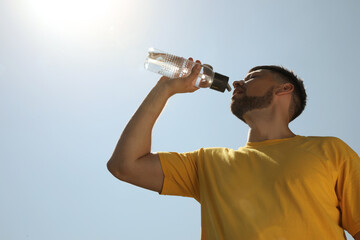 Man drinking water to prevent heat stroke outdoors, low angle view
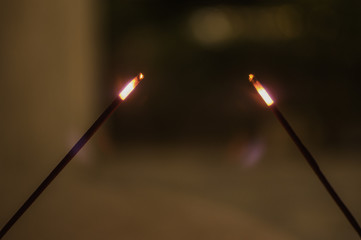 Burning sticks at night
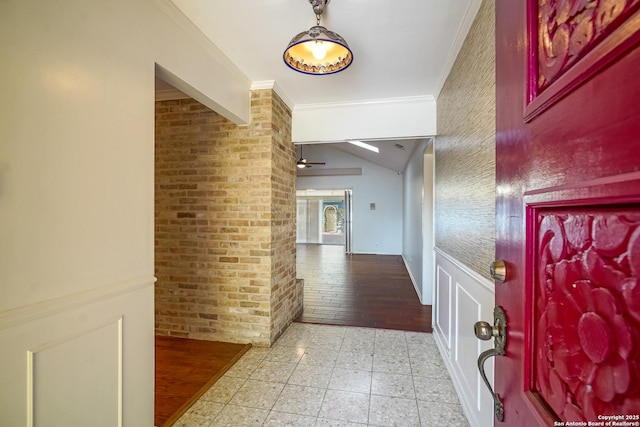 corridor featuring lofted ceiling, ornamental molding, and brick wall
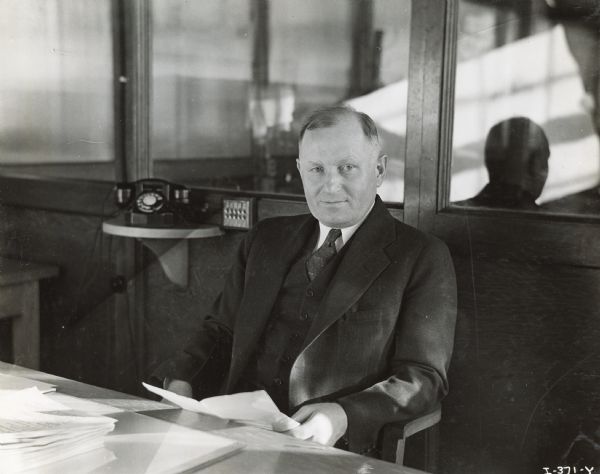 Alfred Krieg, chief engineer at International Harvester's Fort Wayne Works, sitting behind an office desk.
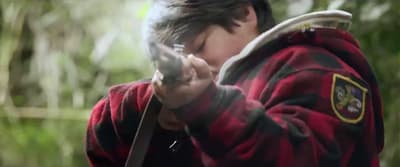 a boy in a red and black jacket holding a cell phone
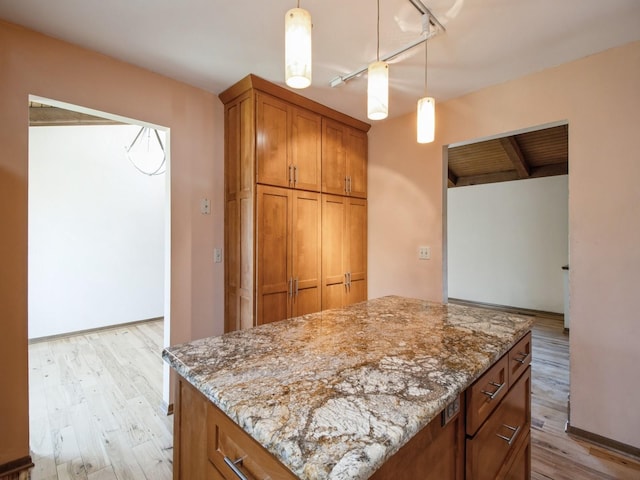 kitchen featuring light wood finished floors, brown cabinetry, and light stone counters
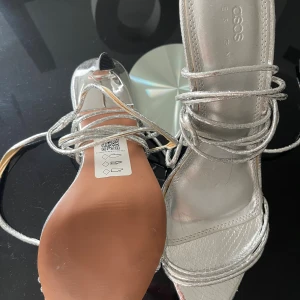 Silvriga klackskor från ASOS Design - Snygga silvriga klackskor från ASOS Design med spetsig tå och tunna remmar som snöras runt vristen. Skorna har hög klack och är tillverkade i syntetmaterial med metallicfinish. Perfekta för att sticka ut och ge en futuristisk touch till din outfit. Helt ny oanvänd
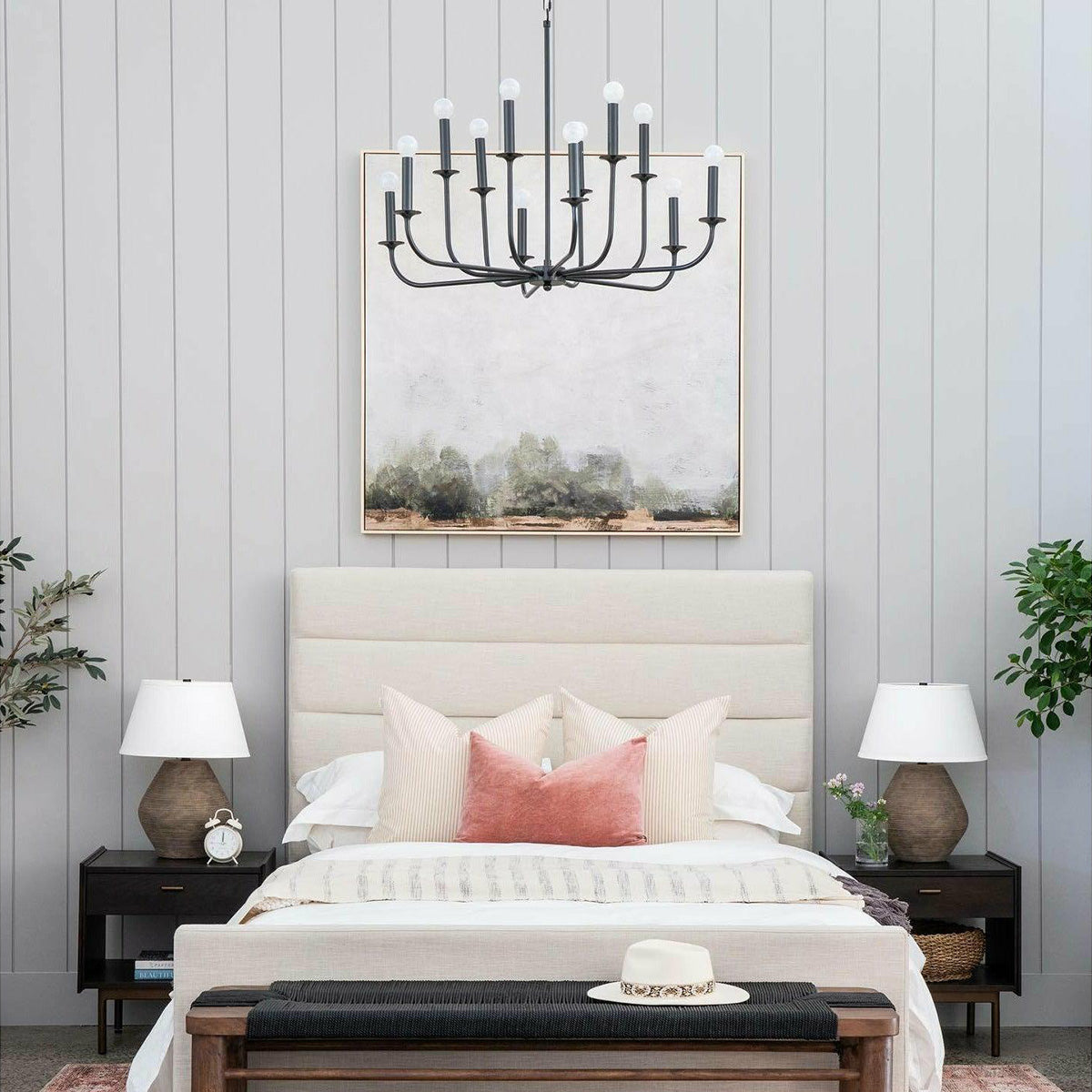 Black chandelier above a pale upholstered bed, with landscape artwork and separate lamps on bedside tables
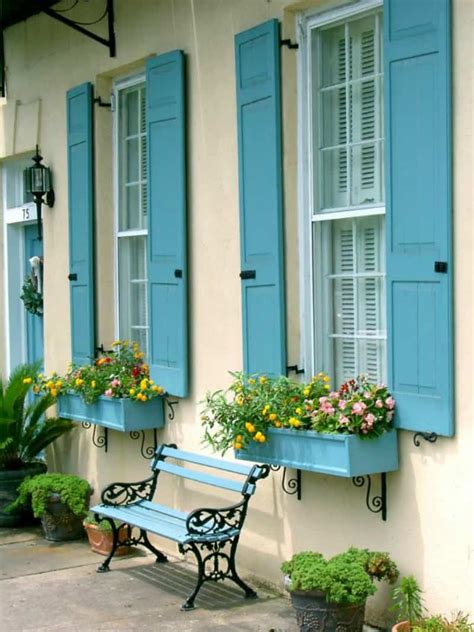 Glossy black vintage barn sconces are mounted to a white paneled home exterior on either side of a blue front door accented with a single glass panel, a brass. Fresh Summer Looks on Modern Shutters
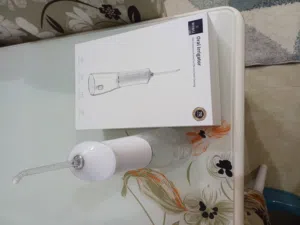 oral irrigator جهاز تنظيف الأسنان بضغط الماء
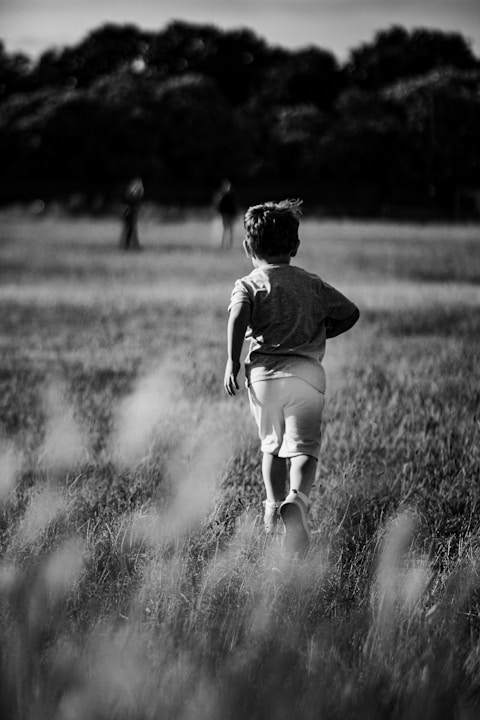 a little boy running through a field of tall grass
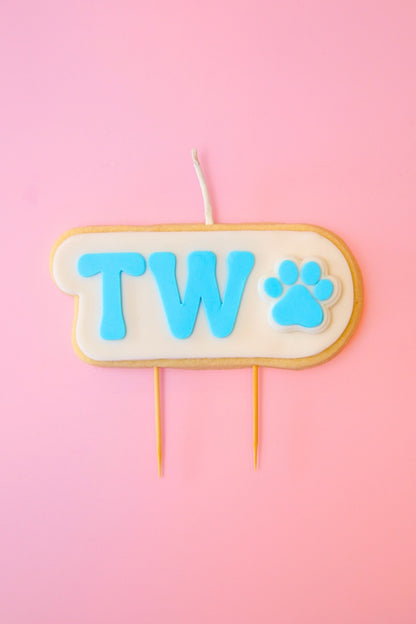 Candle with 'TWO' and paw print on a pink background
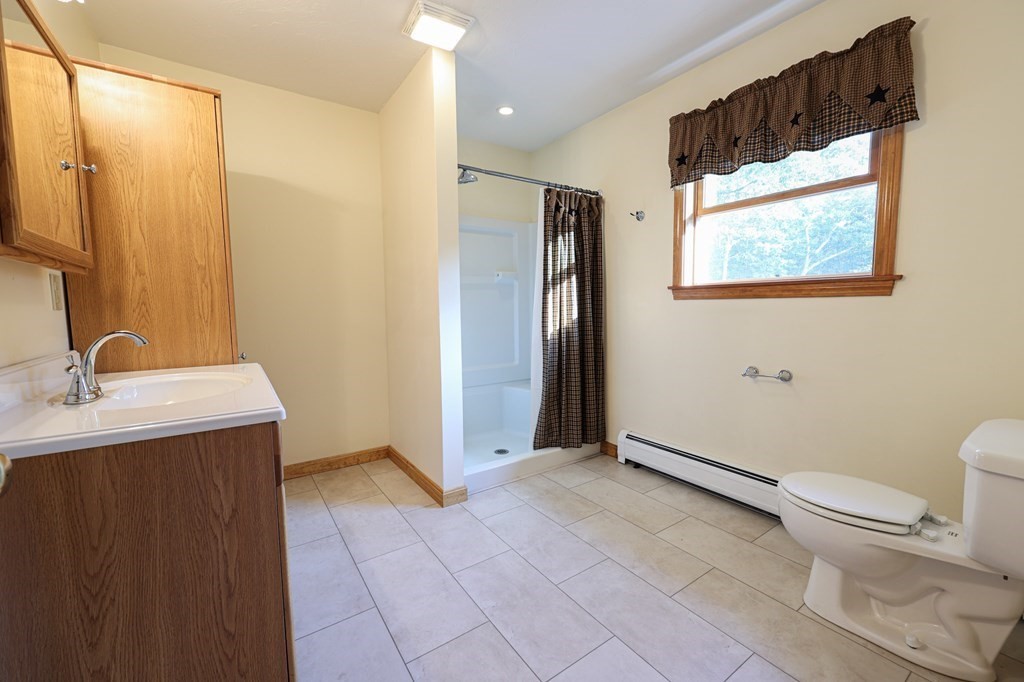 218 Lower Gore Road Webster, MA 01570 - Photo 18 of 40 a bathroom with a granite countertop sink toilet and shower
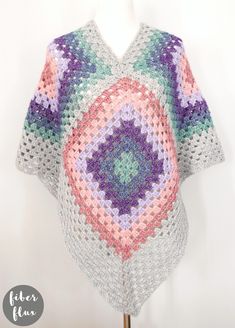 a crocheted granny shawl on a mannequin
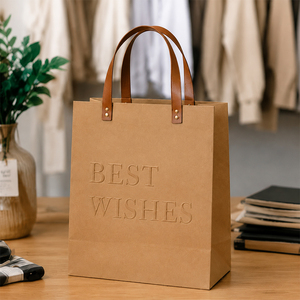 Sacs en <span class=keywords><strong>papier</strong></span> cadeaux pliables personnalisables avec lettres gaufrées <span class=keywords><strong>grossiste</strong></span> <span class=keywords><strong>sac</strong></span> emballage <span class=keywords><strong>papier</strong></span> kraft poignée en cuir - Product Image 2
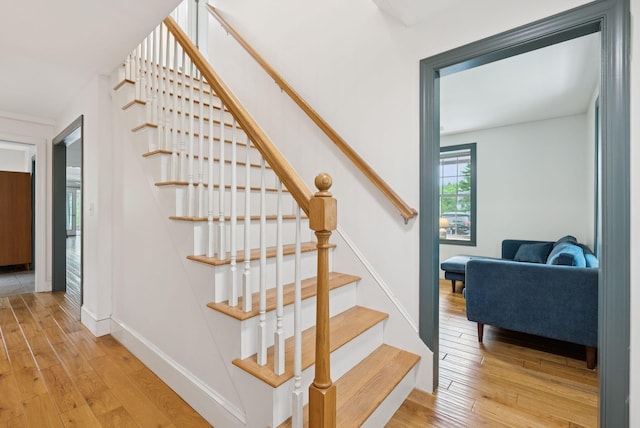 1228 Long Plains Rd, Buxton, ME 04093 - stairway with hardwood / wood-style floors and baseboards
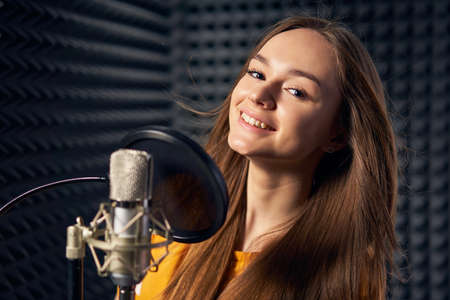 Teen girl in recording studio with mic over acoustic panel backgroundの写真素材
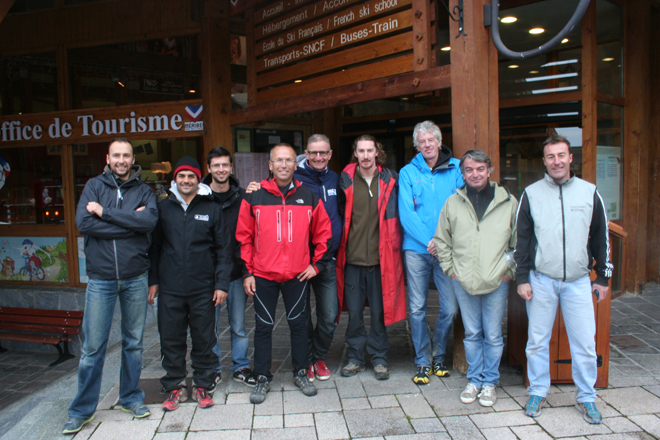 Christoph Mugnier (centre, in the red jacket) poses with his team and officials from the UCI after Meribel was awarded the 2014 World Cup finals. 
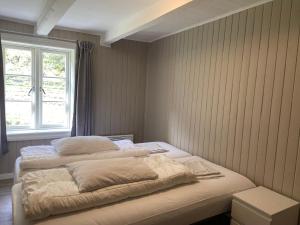 a bed in a room with a window at Brekke Gard Hostel in Flåm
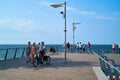 Tourists on a viewing platform on the beach of Rewal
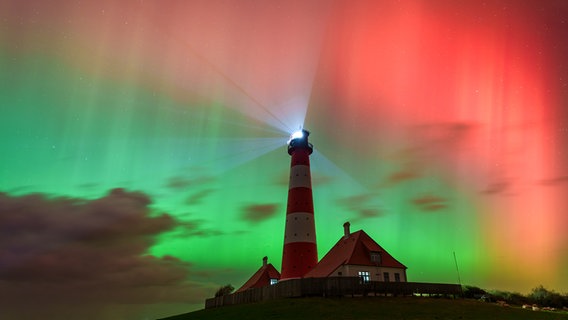 Am Himmel leuchten bunte Polarlichter und Lichter des Leuchtturms Westerheversand. © Mike Mohr Foto: Mike Mohr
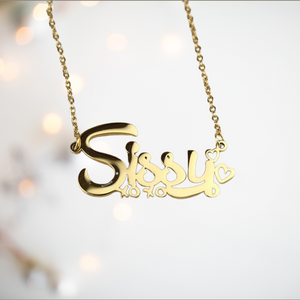 A close up of the gold Sissy necklace with xoxo beneath and hearts at the end.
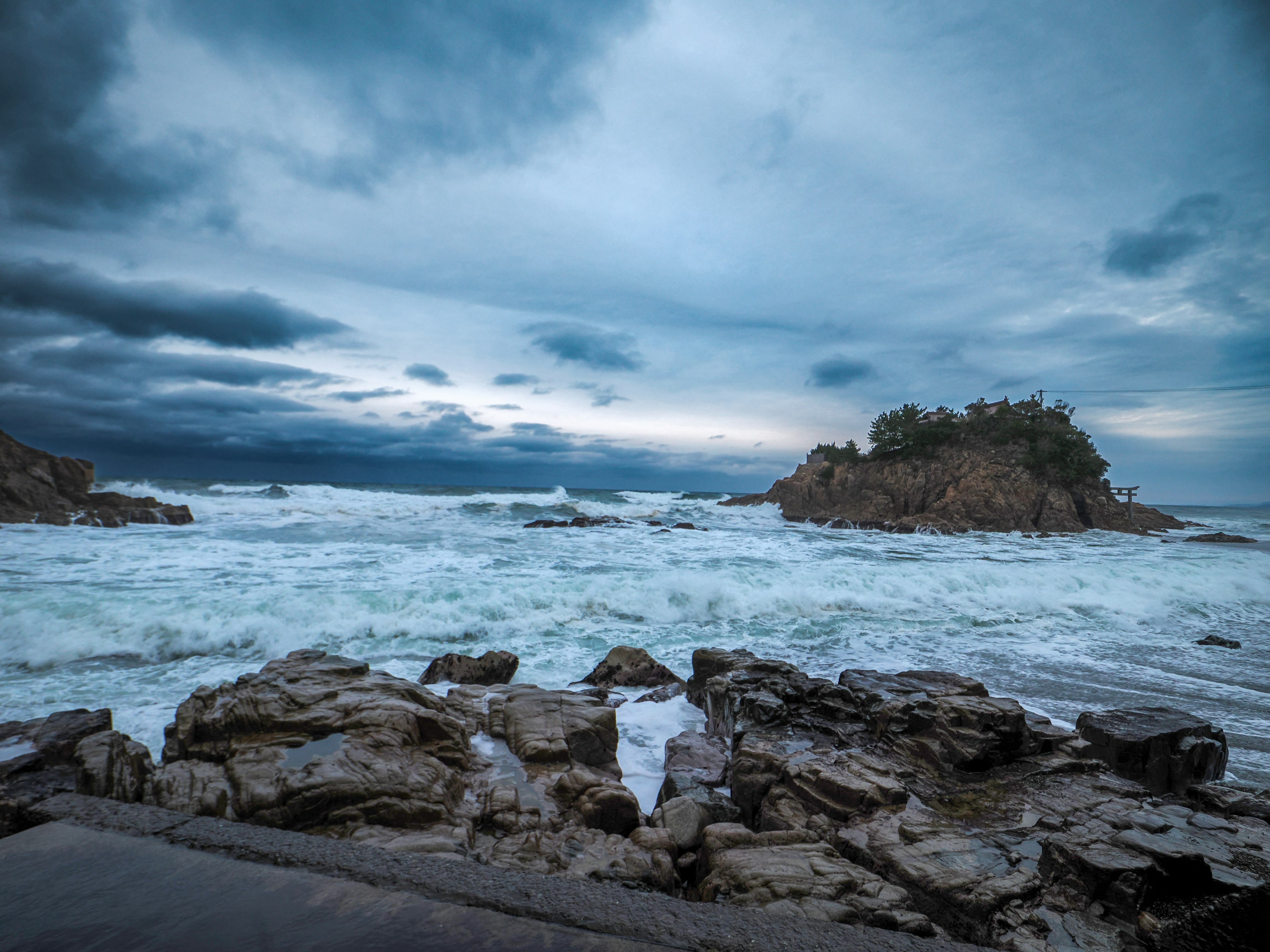 Rough sea and rocky landscape under a dark cloudy sky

**Task:** Print the records above verbatim, minus any pictures.

**Output for this exercise:**
 Man drinking water to prevent heat stroke outdoors, low angle view
 Burning sticks at night
 corridor featuring lofted ceiling, ornamental molding, and brick wall
 Alfred Krieg, chief engineer at International Harvester's Fort Wayne Works, sitting behind an office desk.
 a boy in a red and black jacket holding a cell phone
 kitchen featuring light wood finished floors, brown cabinetry, and light stone counters
 Silvriga klackskor från ASOS Design - Snygga silvriga klackskor från ASOS Design med spetsig tå och tunna remmar som snöras runt vristen. Skorna har hög klack och är tillverkade i syntetmaterial med metallicfinish. Perfekta för att sticka ut och ge en futuristisk touch till din outfit. Helt ny oanvänd
 Black chandelier above a pale upholstered bed, with landscape artwork and separate lamps on bedside tables
 Glossy black vintage barn sconces are mounted to a white paneled home exterior on either side of a blue front door accented with a single glass panel, a brass. Fresh Summer Looks on Modern Shutters
 oral irrigator جهاز تنظيف الأسنان بضغط الماء
 a little boy running through a field of tall grass
 Candle with 'TWO' and paw print on a pink background
 218 Lower Gore Road Webster, MA 01570 - Photo 18 of 40 a bathroom with a granite countertop sink toilet and shower
 a crocheted granny shawl on a mannequin
 Sacs en <span class=keywords><strong>papier</strong></span> cadeaux pliables personnalisables avec lettres gaufrées <span class=keywords><strong>grossiste</strong></span> <span class=keywords><strong>sac</strong></span> emballage <span class=keywords><strong>papier</strong></span> kraft poignée en cuir - Product Image 2
 1228 Long Plains Rd, Buxton, ME 04093 - stairway with hardwood / wood-style floors and baseboards
 Teen girl in recording studio with mic over acoustic panel backgroundの写真素材
 Christoph Mugnier (centre, in the red jacket) poses with his team and officials from the UCI after Meribel was awarded the 2014 World Cup finals. 
 a bed in a room with a window at Brekke Gard Hostel in Flåm
 Tourists on a viewing platform on the beach of Rewal
 Am Himmel leuchten bunte Polarlichter und Lichter des Leuchtturms Westerheversand. © Mike Mohr Foto: Mike Mohr
 A close up of the gold Sissy necklace with xoxo beneath and hearts at the end.
 Rough sea and rocky landscape under a dark cloudy sky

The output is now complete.